В многоязычном людском преднаступательном море островками темнели танки. Возле каждого островка или на нем его население - экипаж. Нынешняя ночь особая: редко услышишь брань, крики. Люди прислушиваются к себе, к машине. Большинство экипажей - новые или частично обновленные. Стальная махина объединяет, роднит этих людей.
Капли падают с веток, катятся за ворот. Горелов снимает фуражку, отряхивает ее. Мы останавливаемся возле некоторых танков. Иногда обмениваемся словом-другим с танкистами. Иногда молча идем дальше.
Из одной "тридцатьчетверки" доносится негромкое пение.
- Экий неунывающий народ! - замечает Горелов. Мы вслушиваемся.
...До тебя мне дойти нелегко, А до смерти - четыре шага.
- Не так-то уж и весело, - тихо произнес Горелов. Мы идем дальше по лесу, готовящемуся к наступлению...
Не правы те, кто считает, будто германское командование ничему не научилось в ходе войны. Если бы это было так, победа далась бы нам куда дешевле. Вражеские штабы изучали нашу тактику, делали из нее свои выводы, старались приноровиться к ней. Слава нашего оружия в том, что оно одолело опытного врага, до конца сохранявшего стойкость, способность к решительным, далеко не всегда шаблонным действиям.

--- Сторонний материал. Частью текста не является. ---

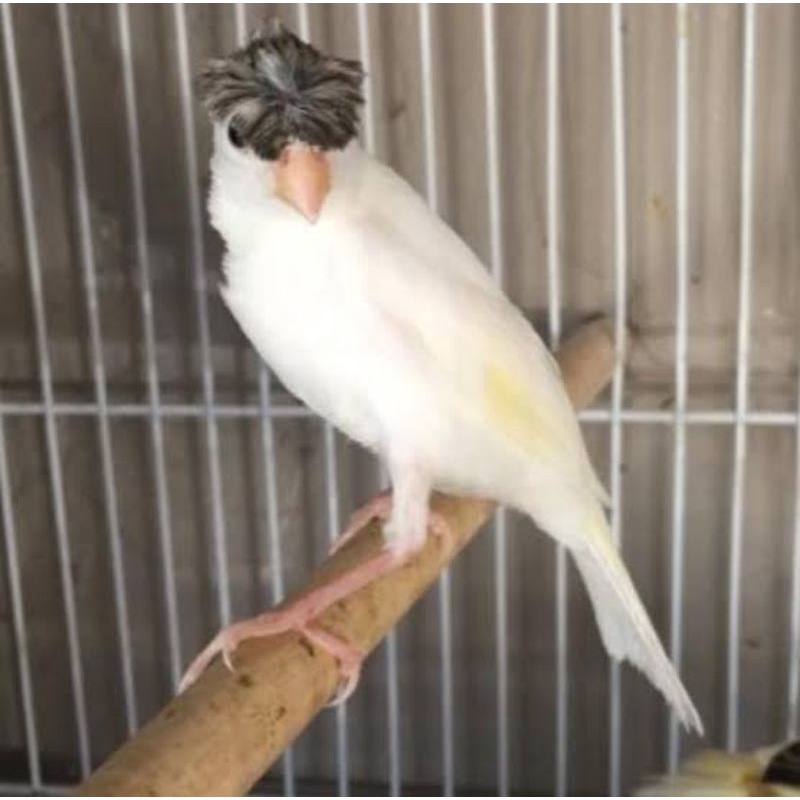 Stok Baru Kenari Jambul Bahan Pilihan Sehat Jantan/Betina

Гитлеровцы уже хорошо знали мощь нашей артиллерийской подготовки, уничтожающей первую позицию. В канун наступления 1-го Украинского фронта они отвели почти всю живую силу на вторую позицию, оставив впереди лишь небольшие заслоны. Расчет прост: первый и самый сильный удар советской артиллерии придется чуть ли не по пустому месту, и уцелевшая немецкая пехота в нужную минуту поднимется в контратаку. План вовсе не бессмысленный. Он мог бы удаться врагу, если бы наше командование не следило пристально за действиями противника и быстро не реагировало бы на них.
Без всякой артподготовки поднялись с насиженных мест наши передовые батальоны. Энергичным броском ворвались на первую позицию. И тогда загрохотали орудия, полетели штурмовики и бомбардировщики. Удар обрушился на вторую позицию гитлеровцев.
В первые часы наступления наиболее опасным для нас противником был туман. В тумане танки теряли направление, иные машины отбивались от остальных, застревали в болотах.
Впервые действующий в составе нашей армии мотоциклетный полк вырвался вперед и устремился к Бугу. Мотоциклисты и передовые танки с ходу форсировали реку, захватили небольшие плацдармы. И тут натолкнулись на сильное сопротивление.
Я приехал в одну из бригад в ту минуту, когда две "тридцатьчетверки", не выдержав вражеского огня в упор, форсировали Буг в обратном направлении возвращались с западного берега на восточный. Вода бурлила от снарядов и мин.
Лишь один человек сохранял в это время каменную невозмутимость - начальник политотдела корпуса генерал Орлов. Белое гладкое лицо его было бесстрастно, зубы твердо стиснули мундштук.